A pasta, que já foi comandada num passado bem recente pelo PP em associação com outras legendas do Centrão, é uma das joias da coroa da administração federal, com orçamento anual de cerca de R$ 150 bilhões.
Caso Lula ceda, Arthur Lira e seus parceiros terão alguém para, mais do que depressa, assumir a cadeira. Mas não será suficiente. A lista de demandas inclui, ainda, cargos de segundo escalão e posições estratégicas em bancos públicos, como a Caixa e o Banco do Brasil.
Um aliado de Lira diz, sob reserva, que ele tem jogado duro porque só assim o novo governo dará valor aos votos que seu grupo político pode entregar — a lógica de sempre, portanto.
Encarregado de atuar na linha de frente da negociação, o líder do governo na Câmara, o deputado petista José Guimarães, tem se queixado das dificuldades.
Na quarta-feira da semana passada, na sala de espera do gabinete de Lira, ele se queixava da falta de gestos mais concretos do presidente da Câmara em direção ao Planalto.
Guerra fria
Guimarães e o governo esperam, obviamente, sinais de boa vontade no lugar das tentativas de emparedamento.
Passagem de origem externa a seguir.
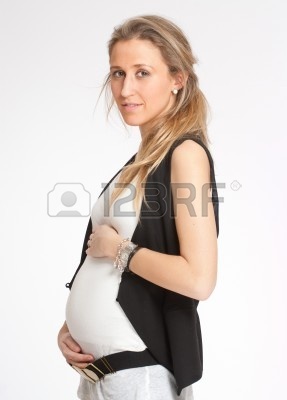 7258795-young-woman-four-months-pregnant-holding-her-belly.jpg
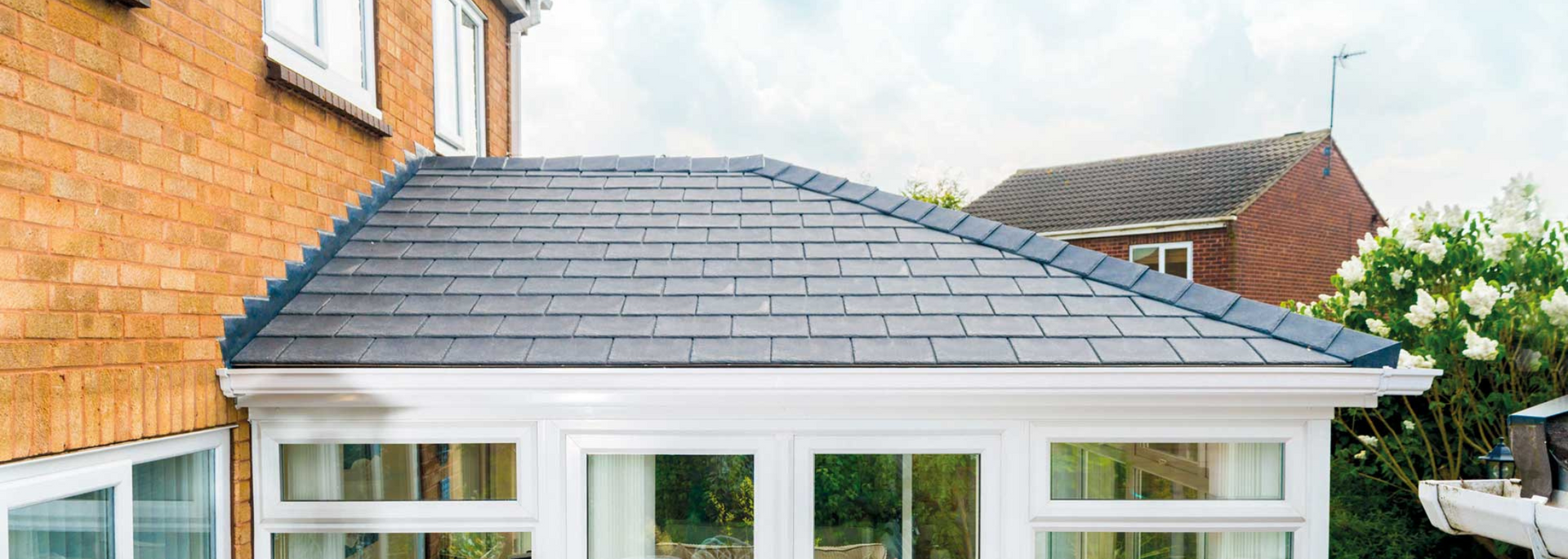 Backyard conservatory with gray tiled roof and white-framed windows beside an orange brick house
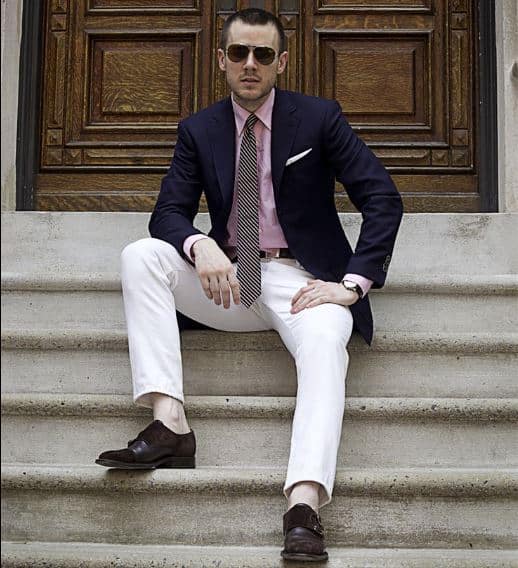 Cream trousers worn with blue and pink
Não é, porém, o que Lira e seus aliados pretendem fazer: em resposta, eles têm dito que é o governo que precisa apresentar propostas para garantir a adesão do Centrão.
Embora aliados admitam a possibilidade de Lula, mais cedo ou mais tarde, fazer ajustes na equipe de governo para equacionar as demandas e, assim, ter uma base de apoio mínima para aprovar propostas no Congresso, Guimarães ensaia um jogo duro similar ao que é feito pelo outro lado.
Nos últimos dias, ele chegou a dizer que insistiria somente por mais algumas semanas na negociação de apoio no atacado com Lira. Caso não tenha êxito, prometeu, passará a buscar apoios “no varejo”, tanto no PP quanto em outros partidos.
O próprio líder do governo, porém, é visto como um entrave para que o acerto saia. Arthur Lira e outros deputados do Centrão dizem que ele é inconfiável, que não respeita acordos, que acerta algo num dia e, no outro, tudo muda.
Ao que tudo indica, será uma questão para Lula resolver pessoalmente. A que preço, ainda não se sabe. A única certeza que há é que barato não sairá.